Wie haben Sie die beiden großen Namen als Hauptdarsteller bekommen?

Ich habe mit dem Drehbuch spekuliert und es Michael Douglas geschickt, der sofort ja gesagt hat, zu meiner großen Verwunderung und höchsten Freude. Dann folgte Alan Arkin, und wir brachten es zu Netflix, die schon mit Serien wie Grace & Frankie gezeigt haben, dass sie

nicht vor Themen zurückschrecken, die mit alten Menschen zu tun haben.

Ann-Margret hat eine Gastrolle, wird es noch andere geben?

Ja, Danny DeVito, Patti Labelle, Jay Leno… wenn du solchen Leuten sagst, hey, wir haben eine Serie mit Michael Douglas und Alan Arkin, dann überlegen sie nicht lange.

Was wenige wissen: Sie wurde als Charles Levine geboren. Warum haben Sie Ihren Namen geändert?

Chuck war einfach, weil das ja nur die Abkürzung von Charles ist. Dass ich Levine abgelegt habe, erscheint jedem logisch, der meine Familie kennt. Meine Mutter, die die Familie meines Vaters verabscheute, hatte leider die Gewohnheit, Levine immer nur als totale Beleidigung in den Mund zu nehmen. Jedes Mal, wenn ihr etwas gegen den Strich ging, hat sie geschrien: „Weißt du, was du bist?! Du bist ein echter Levine!“ Sie hätte auch Arschloch sagen können, denn das war, was

sie in Wirklichkeit ohnehin meinte. Das heißt aber auch, dass ich jedes Mal, wenn ich meinen Namen hörte, akute Minderwertigkeitsgefühle entwickelte. Meine erste Frau schlug vor, dass ich mir selbst helfe, indem ich einfach meinen Namen ändere. Lorre war ihre Idee. Dass die Aussprache in England gleich klingt wie Lkw, und ich somit Chuck Lastwagen heiße, war mir nicht klar. Ob meine Ex-Frau das absichtlich vorgeschlagen hat, weiß ich auch nicht, aber ich habe es verdient, denn ich war ein grauenhafter und nutzloser Ehemann.

Sie landen einen Erfolg nach dem anderen. Wissen Sie immer, dass eine Idee zum Hit wird?

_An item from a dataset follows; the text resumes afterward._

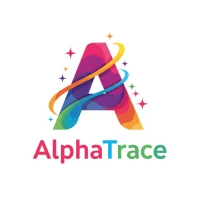 AlphaTrace: ABC & 123 Tracing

Nein, weil ich mich immer nur auf mich selbst verlassen kann. Ich kreiere diese Figuren, und ich bin mein einziger Test, wenn ich am Schreibtisch vor dem Computer sitze. Ich muss mich fragen, ob mich die Geschichte interessiert. Mag ich die Charaktere? Möchte ich sie besser kennenlernen, will ich ihnen folgen, möchte ich meine Zeit mit ihnen verbringen? Ist es witzig? Ist es traurig? Bewegt es mich auf irgendeine Art? Habe ich Emotionen, ganz gleich welcher Art? Zorn, Angst, Freude… Es muss immer zuerst für mich selbst Sinn machen.

Ist die Serie ein bisschen autobiografisch? Ist eine der Figuren Ihnen nachempfunden?

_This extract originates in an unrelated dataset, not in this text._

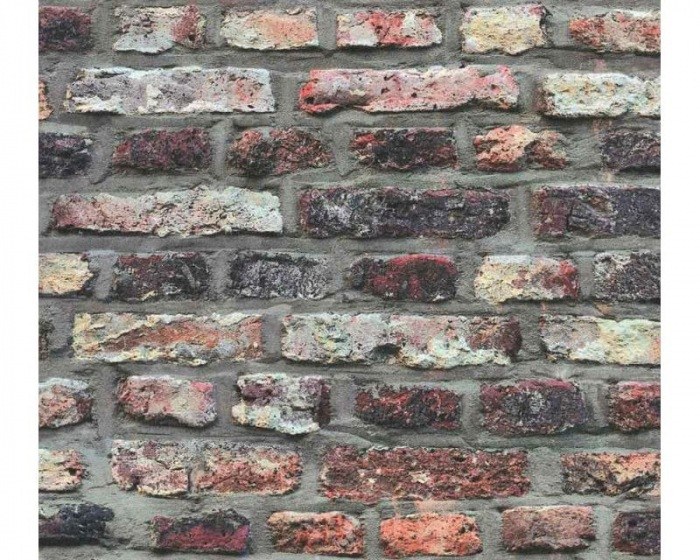 Tapeta Il Decoro 36281-1 36281-1V - Tapety AS Création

Ich bin vor über 40 Jahren nach Hollywood gekommen, um Musiker zu werden. Und ich habe nicht bekommen, was ich wollte. Ich habe etwas Besseres bekommen, etwas, das ich mir in meinen wildesten Träumen nicht vorstellen konnte. Und das ist ein Teil dieser Story. So auf die Art „sei vorsichtig, was du dir wünschst…“, denn das Leben passiert dir und ist oft ganz anders als deine Vorstellung. Ich bin 1967 nicht hierher gezogen, um TV-Autor zu werden. Ich hatte eine Stratocaster im Gepäck. Ich wurde Fernsehautor, weil ich Krankenversicherung für meine Familie haben wollte und gehört habe, dass die Autorengewerkschaft in Hollywood eine hatte.